In a setback to the Kerala government, the Supreme Court has upheld the Kerala High Court judgment that struck down two norms prescribed by the Government of Kerala for the grant of an NOC to new schools for affiliation to the CBSE and for existing schools for renewal of affiliation viz. requirement of minimum 3 acres of land and minimum enrolment of 300 students.
The following two guidelines issued by the Government of Kerala prescribing norms for the grant of an NOC to new schools for affiliation to CBSE and for existing schools for renewal of affiliation under the CBSE affiliation bye-laws, were struck down by the Kerala High Court.
- The institution should have minimum 3 acres of land, out of which at least 2 acres shall be in the actual location where the school is functioning in a contiguous manner. It should have adequate playground also. There should be a library and adequate number of laboratories.
- The school should have been in existence for a period of five years as on the date of application for NOC and should have at least 300 students in its rolls. The unique identification (UID) enrolment should be completed and UID numbers of the students enrolled in the school shall be furnished.
Against this judgment, the state had approached the apex court.
Fundamental right to good quality education
Dismissing batch of petitions by the state, Justice Madan B Lokur began his judgment with these observations: “The fundamental right to free and compulsory education to all children between the age of 6 and 14 years postulates good quality education and not just education for the sake of providing education. Regulation of such education is permissible by law and not by executive fiat. Unfortunately, in this batch of petitions, the State of Kerala seeks to impose its authority over schools that provide apparently quality education, which is perceived to be a threat to the public education system in the State.”
CBSE pragmatic, State non-realistic and rigid
The bench, also comprising of Justice Deepak Gupta, observed that State of Kerala could show no basis for the norm that a school seeking a NOC for affiliation to the CBSE must have 3 acres of land, out of which 2 acres should be contiguous and in the actual location of the school. “On the other hand, the CBSE appears to have done its homework in framing the Affiliation Bye-laws and making a realistic assessment of the requirements of schools depending on their location,” the bench observed.
The court also took note of the counter affidavit filed before the single judge of the high court, where the state said that restrictions have been placed on CBSE schools ‘to prevent their mushrooming growth which would affect the public education system in the State’.
‘No details have been given for arriving at this conclusion. But the very fact that there is a mushroom growth of CBSE schools is an indication that the public education system in Kerala as managed by the State Government leaves something to be desired in terms of the quality of the education. How does the restriction imposed by Kerala benefit the children of the State,” the bench asked.
“We can take judicial notice of the fact that in metropolitan and capital cities as well as in hilly areas, it would be difficult to get 3 acres of land or even 2 acres of land. Similarly, due to the terrain it would perhaps be difficult to get adequate land in the North Eastern region of the country as well as in Jammu & Kashmir.
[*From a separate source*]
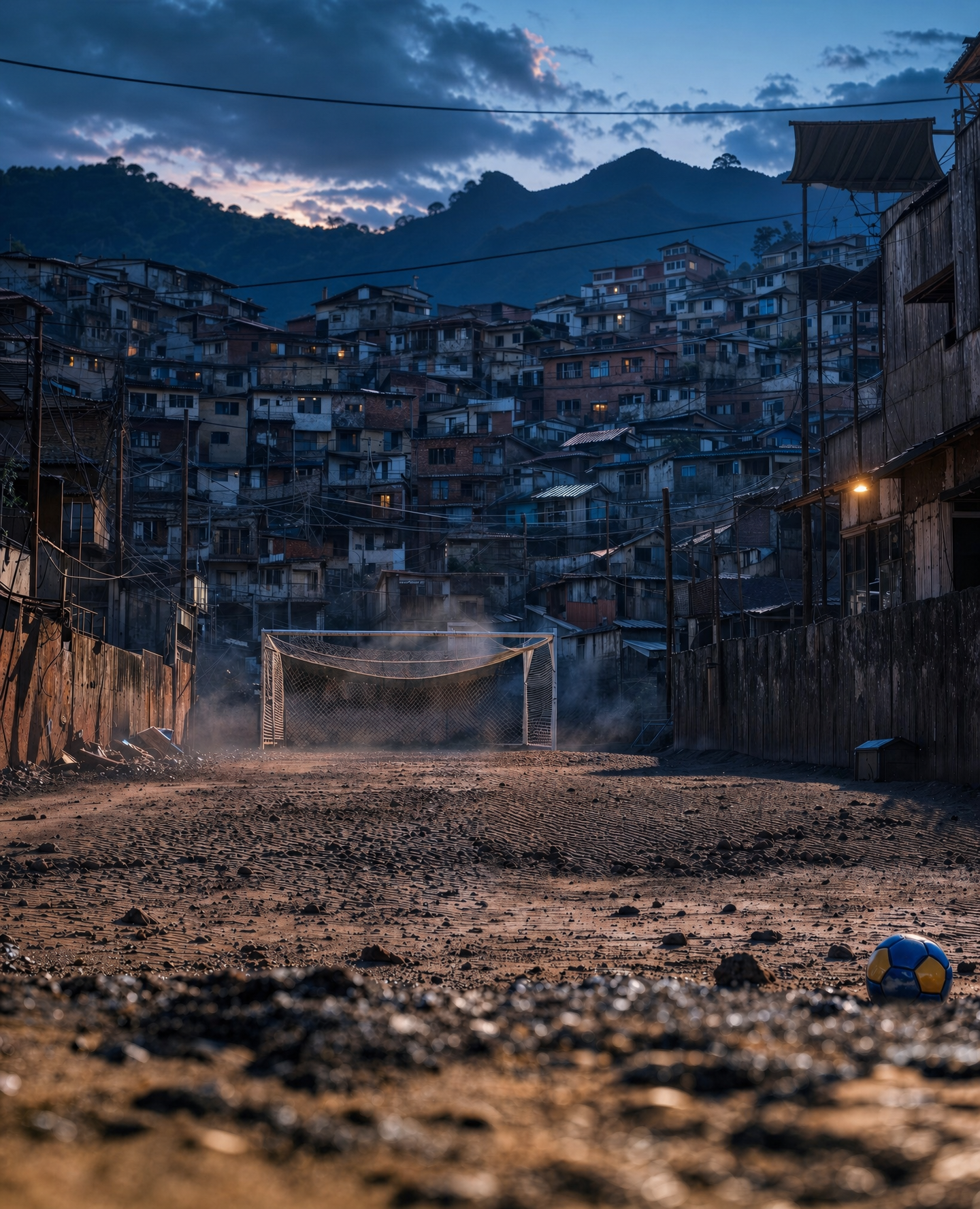 Dusty Soccer Pitch at Blue Hour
This realism deserves to be contrasted non-realistic inflexibility of Kerala which too has some hilly areas where perhaps it might be difficult to find 3 acres of land. It is this lack of pragmatism and arbitrary rigidity that has weighed with the High Court as well as with us in coming to the conclusion that guideline (iv) requiring a minimum of 3 acres of land for obtaining a NOC for getting affiliation in accordance with the Affiliation Bye-laws of the CBSE is arbitrary and was deservedly struck down by the High Court,” the court said.
Kerala expecting an impossibility from CBSE schools
The bench said in absence of any material on record justifying the fixation of a minimum of 300 students in a school seeking a NOC for affiliation to the CBSE, the requirement must be held as arbitrary.
With regard to minimum 300 students’ requirement, the bench said: “It is only for schools seeking CBSE affiliation that it is prescribed that the number of students should not be less than 300. We do not see how, if the number of students is less than 300, it will detract from the quality of education imparted to the students. In other words, the requirement of a minimum strength of 300 students is a completely arbitrary figure arrived at by Kerala and which has no rational nexus with quality education or the CBSE Affiliation Bye-laws”.
The other issue, with respect to the compulsory unique identification (UID) for enrolment of students, the bench said it would await the decision of Constitution Bench which is presently seized of the requirement of UID.